I wrote in Portuguese:
<<Even when we are talking strictly about spirits, they (the spirits) only talk when evoked or conjured.>> There is no <<it>> to be discussed here.
The subject of the first sentence is we. Your tentative translation in this case it was far better than Joao’s: “Even if we’re talking
aabout spirits …”

4. Pentecostes

Pentecostes is the Portuguese word for Pentecoste (French) and Pentecost) English.

5.Metaphor
Yes, I believe in this thing of spirit-chanelling, in the translator acting as a “medium”, or
a person through whom the spirits of the dead are alleged to be able to contact the living,
as a metaphor. I use it to say IT LOOKS LIKE, not that IT IS. Nothing more than a (good)
figure of speech.

6. The Author”s Spirit
Again you understood me very well: << …the author’s metaphorical spirit.
And what would
>that be, exactly? The author’s intention? >> Yes, you are absolutely right,
Doug.
It’s the author’s intention. If your can translate the authors intentions, together with his choice of words and his ideas, your are translating his spirit.

What the author meant is his/her spirit.

That’s what I tried to say.

Haroldo

Date: Sat, 08 Mar 1997 15:54:03 +0001
From: “Joao C. Pijnappel” <jon.avatar@pi.net>
Subject: Re: Listening to Portuguese

>I wrote in Portuguese:
><<Even when we are talking strictly about spirits, they (the spirits) only talk when evoked or conjured.>> There is no <<it>> to be discussed here.
TThe subject of the first sentence is we. Your tentative translation in this case it was far better than Joao’s: “Even if we’re talking >about spirits …”

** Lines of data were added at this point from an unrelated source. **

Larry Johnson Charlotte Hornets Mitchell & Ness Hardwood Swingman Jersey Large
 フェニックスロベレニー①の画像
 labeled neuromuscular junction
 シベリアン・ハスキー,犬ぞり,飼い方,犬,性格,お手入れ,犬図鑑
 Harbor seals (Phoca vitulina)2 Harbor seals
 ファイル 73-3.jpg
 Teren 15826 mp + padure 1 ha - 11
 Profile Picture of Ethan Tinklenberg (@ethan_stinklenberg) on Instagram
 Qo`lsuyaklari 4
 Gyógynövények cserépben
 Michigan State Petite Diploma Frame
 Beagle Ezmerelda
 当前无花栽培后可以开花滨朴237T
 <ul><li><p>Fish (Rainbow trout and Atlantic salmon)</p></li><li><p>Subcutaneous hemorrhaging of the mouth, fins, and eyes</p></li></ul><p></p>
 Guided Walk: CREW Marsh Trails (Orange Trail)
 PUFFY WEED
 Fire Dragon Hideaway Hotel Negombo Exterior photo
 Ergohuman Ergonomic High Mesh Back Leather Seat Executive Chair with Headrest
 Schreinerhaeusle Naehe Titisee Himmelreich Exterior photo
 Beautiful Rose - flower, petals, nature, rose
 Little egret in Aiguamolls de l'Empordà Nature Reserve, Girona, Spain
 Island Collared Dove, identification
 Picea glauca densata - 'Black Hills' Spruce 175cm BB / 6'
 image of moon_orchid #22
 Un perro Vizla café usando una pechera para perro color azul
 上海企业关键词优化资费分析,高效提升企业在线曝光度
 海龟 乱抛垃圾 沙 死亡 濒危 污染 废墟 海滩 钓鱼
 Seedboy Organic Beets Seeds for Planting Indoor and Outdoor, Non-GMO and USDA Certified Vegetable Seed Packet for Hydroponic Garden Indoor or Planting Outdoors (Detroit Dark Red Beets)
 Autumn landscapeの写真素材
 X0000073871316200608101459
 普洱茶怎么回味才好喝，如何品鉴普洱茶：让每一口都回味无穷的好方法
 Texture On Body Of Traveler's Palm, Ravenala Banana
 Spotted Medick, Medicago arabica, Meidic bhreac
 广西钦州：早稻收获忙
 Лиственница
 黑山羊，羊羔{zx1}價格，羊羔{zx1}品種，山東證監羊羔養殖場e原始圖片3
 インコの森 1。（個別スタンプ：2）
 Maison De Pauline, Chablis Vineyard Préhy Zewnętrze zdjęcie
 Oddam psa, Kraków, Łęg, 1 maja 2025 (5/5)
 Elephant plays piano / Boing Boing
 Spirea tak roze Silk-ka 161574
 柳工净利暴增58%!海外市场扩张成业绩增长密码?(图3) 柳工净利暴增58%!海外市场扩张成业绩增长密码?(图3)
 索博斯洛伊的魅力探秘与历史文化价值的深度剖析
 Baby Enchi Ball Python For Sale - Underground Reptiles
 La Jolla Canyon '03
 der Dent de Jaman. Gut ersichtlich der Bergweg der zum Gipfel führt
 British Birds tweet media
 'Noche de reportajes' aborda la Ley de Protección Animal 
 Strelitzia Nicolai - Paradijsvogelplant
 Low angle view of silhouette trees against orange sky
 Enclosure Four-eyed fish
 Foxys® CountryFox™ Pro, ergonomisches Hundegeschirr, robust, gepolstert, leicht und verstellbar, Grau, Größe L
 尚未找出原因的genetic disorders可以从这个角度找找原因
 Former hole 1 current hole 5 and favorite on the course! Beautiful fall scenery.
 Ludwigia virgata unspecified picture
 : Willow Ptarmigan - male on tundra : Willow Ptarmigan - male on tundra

Yes, it certainly was. In my “10 min. translation” – unrevised – I tried to preserve the impersonal subject in ’em se tratando’, and let my English translation impregnate with the Dutch form ‘gaan over’ – literally ‘to go about’, but meaning ‘what concerns’,’talking about’, etc. (‘Zelfs als het over geesten gaat…’), which is also impersonal. My humble apologies to all the persons involved.

João,

***

Joao C. Pijnappel
Sworn translator Dutch-Portuguese
Portuguese/Spanish/English/French/Dutch translator Certified member of the Dutch Association of Translators – NGV <joao@pi.net>
Tel&fax: +31 (0) 30- 2510229
Utrecht, The Netherlands

Date: Sat, 08 Mar 1997 17:54:48 +0000
From: sgolden@cc.uab.es (Sean Golden)
Subject: Geographical respresentation

Hungary is now respresented on the list as well.